Check each line of the listing for the word "atmosferico" and give only the number of lines that have it.
----
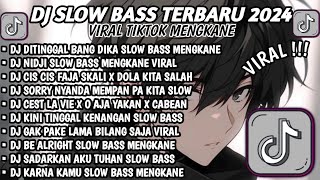 Download lagu DJ SLOW BASS TERBARU 2024🎵DJ DITINGGAL BANG DIKA SLOW FULL BASS VIRAL🎵 REMIX FULL ALBUM TERBARU 2024 mp3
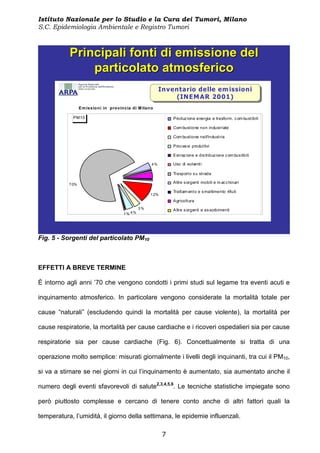 Istituto Nazionale per lo Studio e la Cura dei Tumori, Milano
S.C. Epidemiologia Ambientale e Registro Tumori



           Principali fonti di emissione del
               particolato atmosferico
                                                             Inventario delle em issioni
                                                              Inventario delle em issioni
                                                                  (IN EM A R 2001)
                                                                   (IN EM A R 2001)
                  E m issio ni in pro vin cia di M ilan o

             PM10                                                 Produz ione energia e trasform. c om bustibili

                                                                  Com bustione non industriale

                                                                  Com bustione nell'industria

                                                                  Proc es si produttivi

                                                                  Estraz ione e dis tribuz ione c om bus tibili

                                                        4%        Uso di solventi

                                                                  Trasporto s u strada

           7 0%
                                                                  Altre s orgenti mobili e m ac c hinari

                                                                  Trattam ento e s maltimento rifiuti
                                                       1 2%
                                                                  Agricoltura
                                                 3%               Altre s orgenti e as sorbimenti
                                         1% 4%




Fig. 5 - Sorgenti del particolato PM10



EFFETTI A BREVE TERMINE

È intorno agli anni ’70 che vengono condotti i primi studi sul legame tra eventi acuti e

inquinamento atmosferico. In particolare vengono considerate la mortalità totale per

cause “naturali” (escludendo quindi la mortalità per cause violente), la mortalità per

cause respiratorie, la mortalità per cause cardiache e i ricoveri ospedalieri sia per cause

respiratorie sia per cause cardiache (Fig. 6). Concettualmente si tratta di una

operazione molto semplice: misurati giornalmente i livelli degli inquinanti, tra cui il PM10,

si va a stimare se nei giorni in cui l’inquinamento è aumentato, sia aumentato anche il

numero degli eventi sfavorevoli di salute2,3,4,5,6. Le tecniche statistiche impiegate sono

però piuttosto complesse e cercano di tenere conto anche di altri fattori quali la

temperatura, l’umidità, il giorno della settimana, le epidemie influenzali.

                                                              7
----
→ **Response to this task**
2